(Recorded data)
= = =

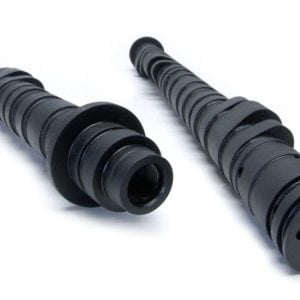 Skunk2 Tuner Series Honda/Acura K20A/ A2/ Z1/ Z3 & K24A2 DOHC i-VTEC 2.0L Stage 2 Cam Shafts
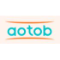 Aotob 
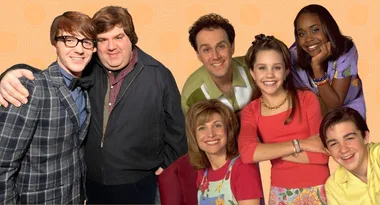Inside the dark allegations of sexual misconduct within Nickelodeon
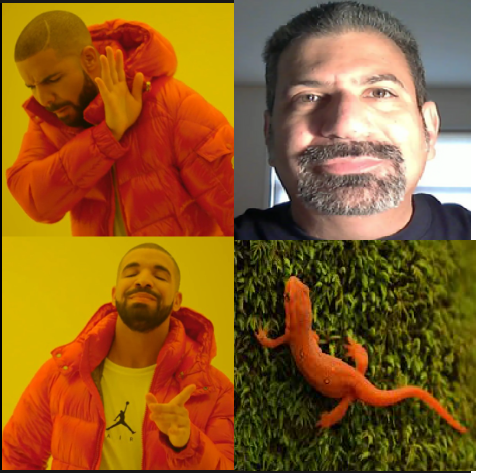 Untitled.png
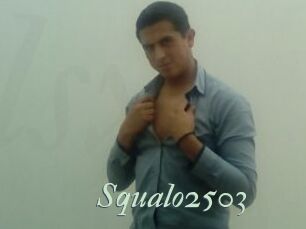 Squalo2503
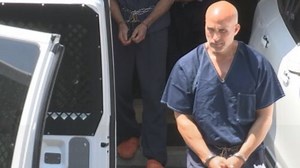 Dog training school businessman found guilty of defrauding VA out of $1M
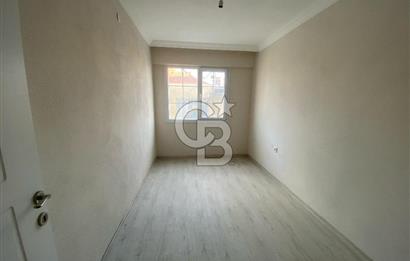 YENİ MAHALLE MERKEZİ KONUMDA SATILIK DAİRE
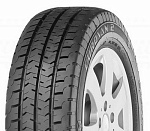 185/80 R14С 102/100Q EUROVAN 2 GENERAL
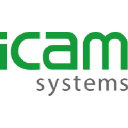 Logo von IcamSystems GmbH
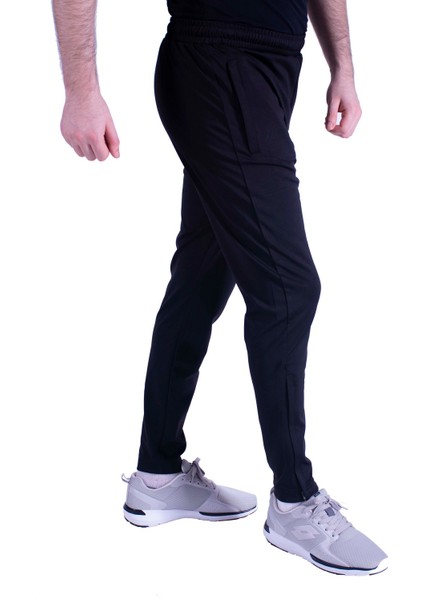 R8989 Pants Team Sports Iı Ant Pl Erkek Tek Alt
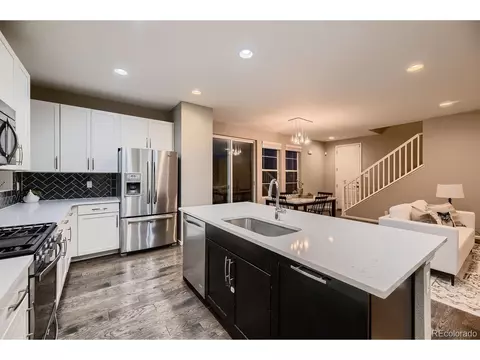 7936 E 53rd Dr, Denver, CO 80238 photo 9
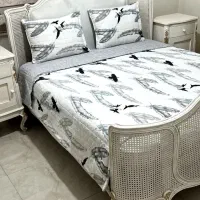 روتختی سبک و تمام دوخت|سرویس روتختی|بروجرد, |دیوار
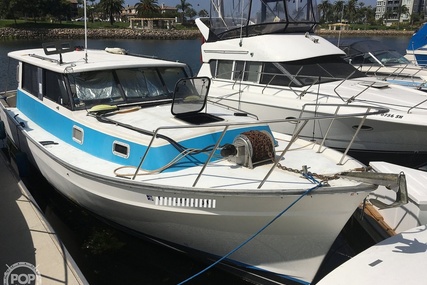Mainship 34 for sale in United States of America for $27,800 (£19,704)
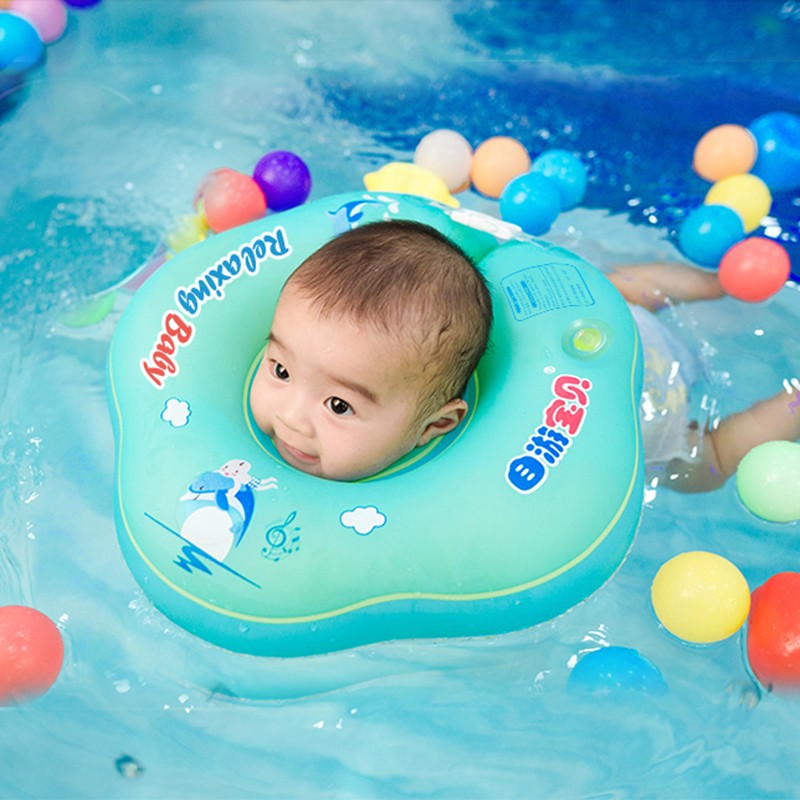 怎么看游泳圈历史价格|游泳圈价格比较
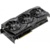 Asus GeForce RTX 2070 SUPER ROG STRIX Advanced - фото 2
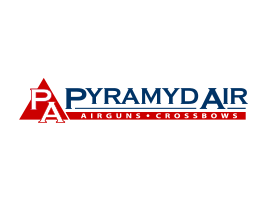 Pyramyd Air Coupons
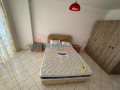 apartament-11-me-qera-laprake-tirane-small-1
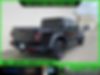 1C6JJTBG4LL151964-2020-jeep-gladiator-2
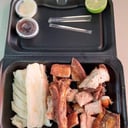 Foto de Combo 1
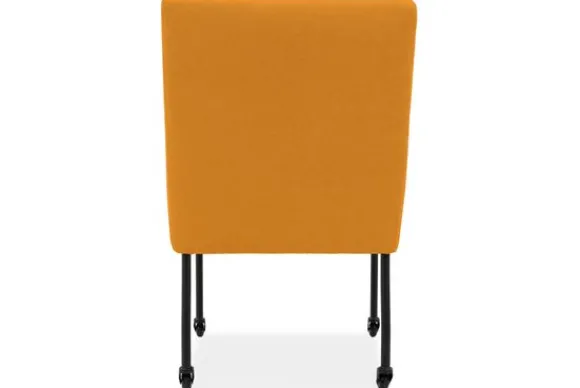 Best Eetkamerstoel Naomi Eetkamerstoelen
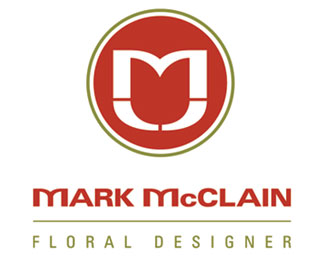 Mark Mcclain - Floral Designer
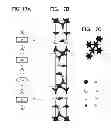 Fig. 18 - Semiconductor device and driving method thereof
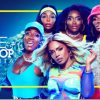 How to watch the new episode of MTV’s ‘Love & Hip Hop: Atlanta’ for free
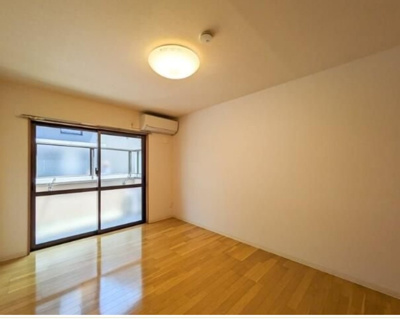 【内装】 | コーポナデシコⅡ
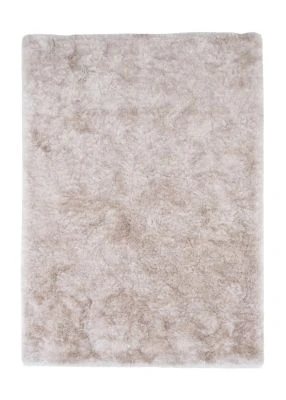Bomuldsteppe Bolton Beige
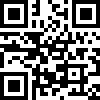 https://khabaronline.ir/x9qP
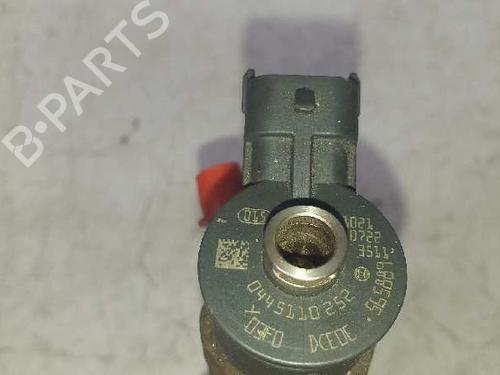 Injector CITROËN NEMO Box Body/MPV (AA_) | BP7958255M100 - Image 3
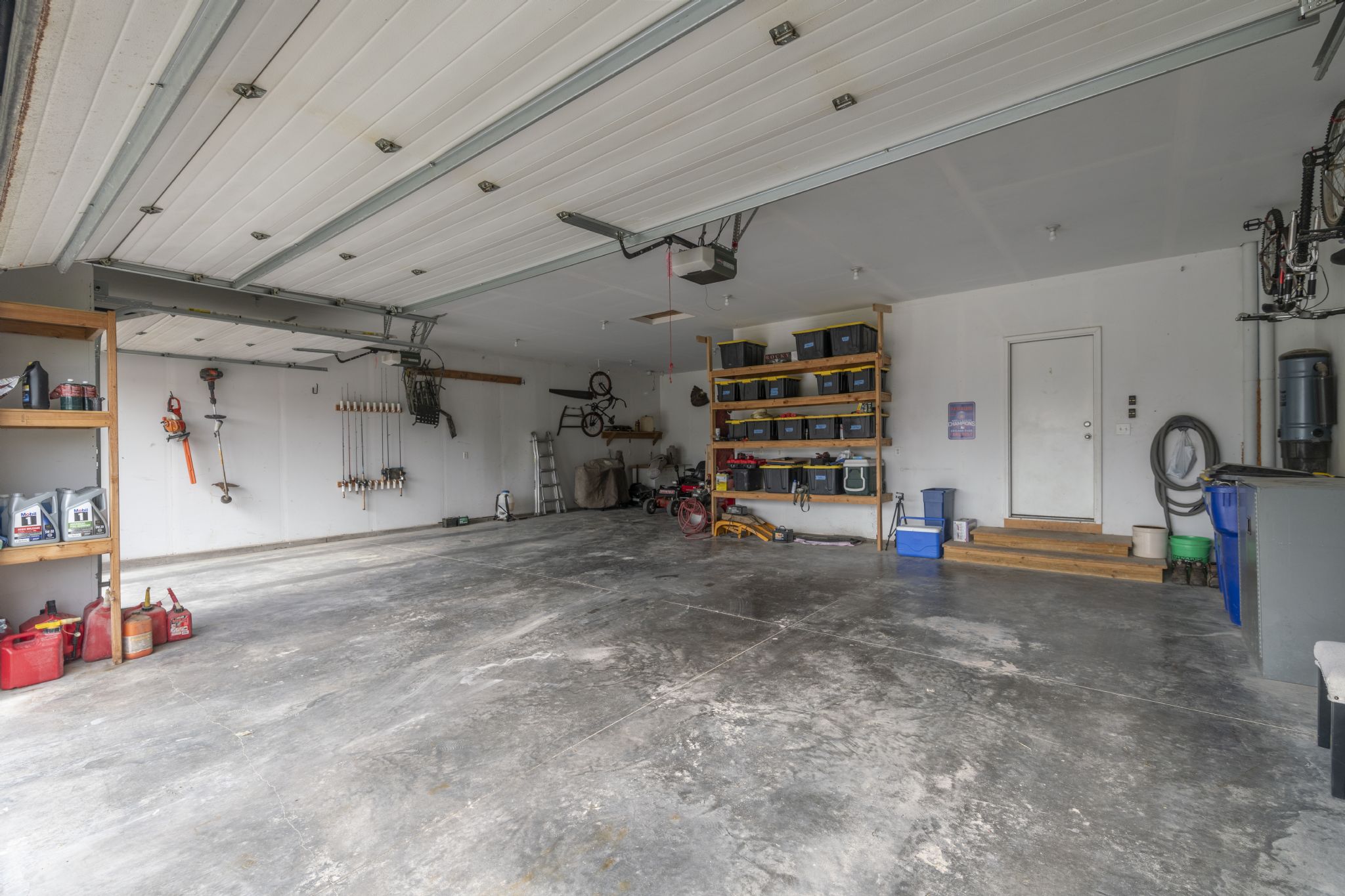 207 Pheasant Run, West Branch, IA, Image 49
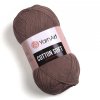 yarnart cotton soft 71 optimized 1629797480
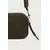 Tory Burch crossbody torbica ženska usnjena Miller Mini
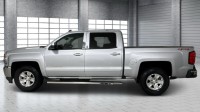 Image for 2016 Chevrolet Silverado 1500 LT ID: 7129105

= = =

#### Assignment:
The output is the data above, repeated exactly, with pictures omitted.

#### Expected output:
 Skunk2 Tuner Series Honda/Acura K20A/ A2/ Z1/ Z3 & K24A2 DOHC i-VTEC 2.0L Stage 2 Cam Shafts
 Aotob 
Inside the dark allegations of sexual misconduct within Nickelodeon
 Untitled.png
 Squalo2503
 Dog training school businessman found guilty of defrauding VA out of $1M
 YENİ MAHALLE MERKEZİ KONUMDA SATILIK DAİRE
 185/80 R14С 102/100Q EUROVAN 2 GENERAL
 Logo von IcamSystems GmbH
 R8989 Pants Team Sports Iı Ant Pl Erkek Tek Alt
 7936 E 53rd Dr, Denver, CO 80238 photo 9
 روتختی سبک و تمام دوخت|سرویس روتختی|بروجرد, |دیوار
Mainship 34 for sale in United States of America for $27,800 (£19,704)
 怎么看游泳圈历史价格|游泳圈价格比较
 Asus GeForce RTX 2070 SUPER ROG STRIX Advanced - фото 2
 Pyramyd Air Coupons
 apartament-11-me-qera-laprake-tirane-small-1
 1C6JJTBG4LL151964-2020-jeep-gladiator-2
 Foto de Combo 1
 Best Eetkamerstoel Naomi Eetkamerstoelen
 Mark Mcclain - Floral Designer
 Fig. 18 - Semiconductor device and driving method thereof
 How to watch the new episode of MTV’s ‘Love & Hip Hop: Atlanta’ for free
 【内装】 | コーポナデシコⅡ
Bomuldsteppe Bolton Beige
 https://khabaronline.ir/x9qP
 Injector CITROËN NEMO Box Body/MPV (AA_) | BP7958255M100 - Image 3
 207 Pheasant Run, West Branch, IA, Image 49
 yarnart cotton soft 71 optimized 1629797480
 Tory Burch crossbody torbica ženska usnjena Miller Mini
 Image for 2016 Chevrolet Silverado 1500 LT ID: 7129105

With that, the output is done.